Find something only you can say. - James Dickey
The importance of being
able to capture people’s attention in sixty seconds or less became
crystal clear to me the first year I emceed the Maui Writers Conference
in 1993. We were proud to give budding authors and screenwriters from
around the world a chance to meet face-to-face with decision-makers from
New York publishers and Hollywood agencies. This was an unprecedented
opportunity to pitch your book or screenplay to respected agents and
editors who had the power to give projects a green light.
I’ll always remember one
woman who emerged from her meeting with tears in her eyes. I asked,
“What happened?”
“I walked in and gave
the editor my manuscript,” she said. “He took one look at it and told
me, ‘I don’t have time to read all that. Just tell me in a couple
sentences what your book is about and why people will want to read it’.”
“My mind went blank,”
she said. “I thought it was his job to figure out how to sell
it. I just tried to write the best novel I could.”
During the rest of that
conference, I discovered she wasn’t the only who thought the quality of
her work would speak for itself. Other people also seemed to believe
that if they had succeeded in producing a quality project, it would
elicit interest.

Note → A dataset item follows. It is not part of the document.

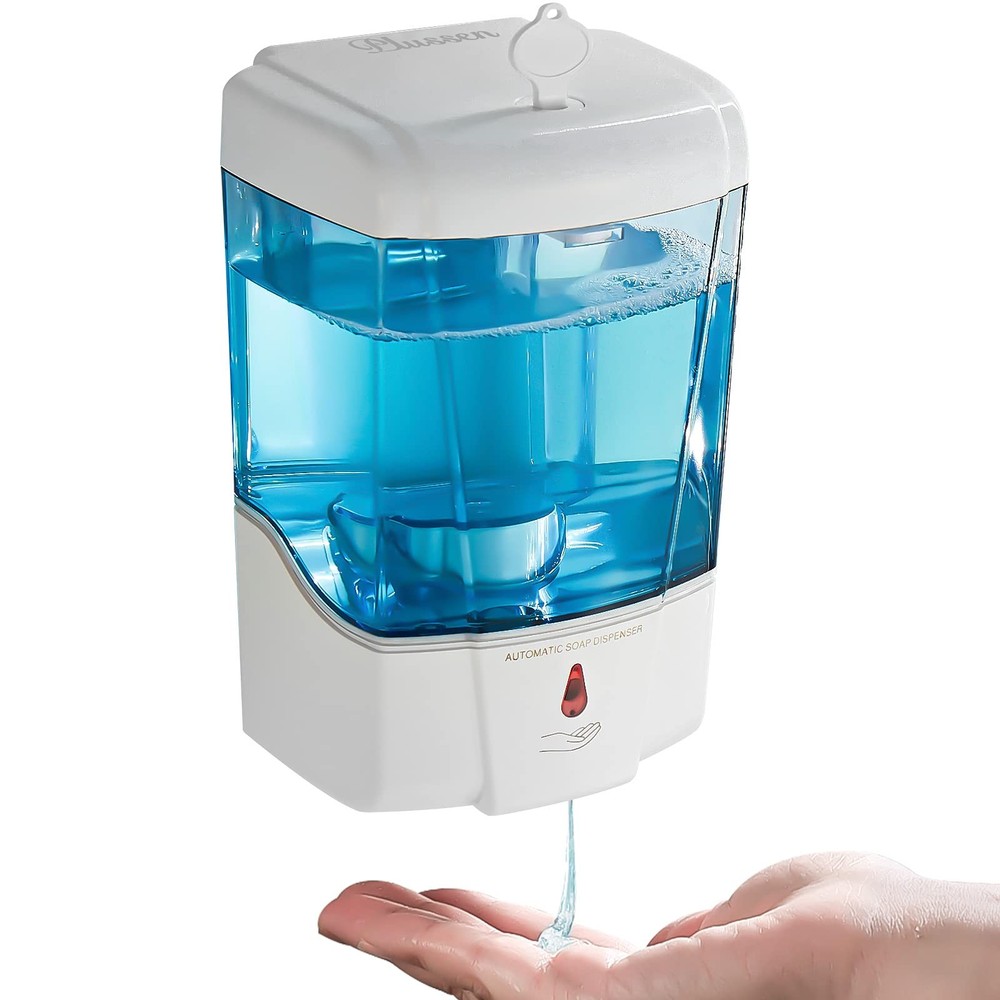 PLUSSEN Soap Dispenser Wall Mount, Automatic Hand Sanitizer White-600ml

Wrong.
There are hundreds of
thousands of well-written books and scripts. The point was, how was
hers different? Why would it break out from everything else that was
already published or produced? And perhaps most importantly, what was a
succinct sales sound-bite that would motivate busy people to try it and
buy it or go see it?
My heart went out to
those discouraged individuals whose dreams had been shattered, not
because their work wasn’t worthy, but because they hadn’t known they
needed to (or hadn’t known how to) succinctly prove why it was
worthy.
I started helping people
prepare sixty second “Tell ‘n Sell” pitches that articulated the
commercial viability of their projects in a way decision makers “got” it
and “wanted” it. News spread about my clients’ success, and other
individuals and organizations started hiring me to strategize how they
and their projects could break out instead of blend in.
I developed my own intellectual capital called POP!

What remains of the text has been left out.